*Extracted entries*:
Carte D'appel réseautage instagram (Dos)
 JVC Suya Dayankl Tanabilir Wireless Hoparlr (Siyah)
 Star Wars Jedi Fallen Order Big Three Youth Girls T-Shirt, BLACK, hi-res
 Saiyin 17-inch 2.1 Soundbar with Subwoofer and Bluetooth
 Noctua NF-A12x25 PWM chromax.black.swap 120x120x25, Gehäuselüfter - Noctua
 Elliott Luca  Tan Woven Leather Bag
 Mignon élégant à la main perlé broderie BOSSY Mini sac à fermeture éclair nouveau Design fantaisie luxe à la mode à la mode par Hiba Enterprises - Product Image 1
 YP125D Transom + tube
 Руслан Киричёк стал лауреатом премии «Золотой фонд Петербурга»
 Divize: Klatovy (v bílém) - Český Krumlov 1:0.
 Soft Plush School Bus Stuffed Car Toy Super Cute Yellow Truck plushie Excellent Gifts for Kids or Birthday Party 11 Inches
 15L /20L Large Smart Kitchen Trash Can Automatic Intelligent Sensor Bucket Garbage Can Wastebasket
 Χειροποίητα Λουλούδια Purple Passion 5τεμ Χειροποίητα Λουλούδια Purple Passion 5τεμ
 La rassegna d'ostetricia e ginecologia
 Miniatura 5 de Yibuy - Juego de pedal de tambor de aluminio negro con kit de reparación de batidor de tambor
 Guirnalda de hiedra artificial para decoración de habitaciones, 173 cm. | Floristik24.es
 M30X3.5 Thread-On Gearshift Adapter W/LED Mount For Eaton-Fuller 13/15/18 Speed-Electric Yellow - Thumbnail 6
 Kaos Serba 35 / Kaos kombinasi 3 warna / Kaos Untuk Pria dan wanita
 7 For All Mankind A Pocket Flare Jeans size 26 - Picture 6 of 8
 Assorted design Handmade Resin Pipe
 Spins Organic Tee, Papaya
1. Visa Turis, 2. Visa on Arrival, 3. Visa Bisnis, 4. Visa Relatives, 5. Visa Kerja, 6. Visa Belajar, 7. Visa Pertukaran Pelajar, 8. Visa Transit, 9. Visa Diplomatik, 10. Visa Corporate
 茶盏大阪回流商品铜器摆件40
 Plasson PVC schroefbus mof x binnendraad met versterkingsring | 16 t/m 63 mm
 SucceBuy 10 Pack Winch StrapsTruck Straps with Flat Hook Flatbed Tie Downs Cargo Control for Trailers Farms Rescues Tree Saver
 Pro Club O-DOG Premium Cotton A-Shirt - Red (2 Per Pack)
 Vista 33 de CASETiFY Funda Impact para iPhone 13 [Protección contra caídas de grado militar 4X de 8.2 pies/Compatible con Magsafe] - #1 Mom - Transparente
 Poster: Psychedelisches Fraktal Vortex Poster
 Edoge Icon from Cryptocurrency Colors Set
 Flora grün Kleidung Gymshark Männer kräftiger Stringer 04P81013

*Work to complete*:
Your answer should be a single number: the count of lines in the listing that hold the word "Yellow".

*Solution to the problem*:
2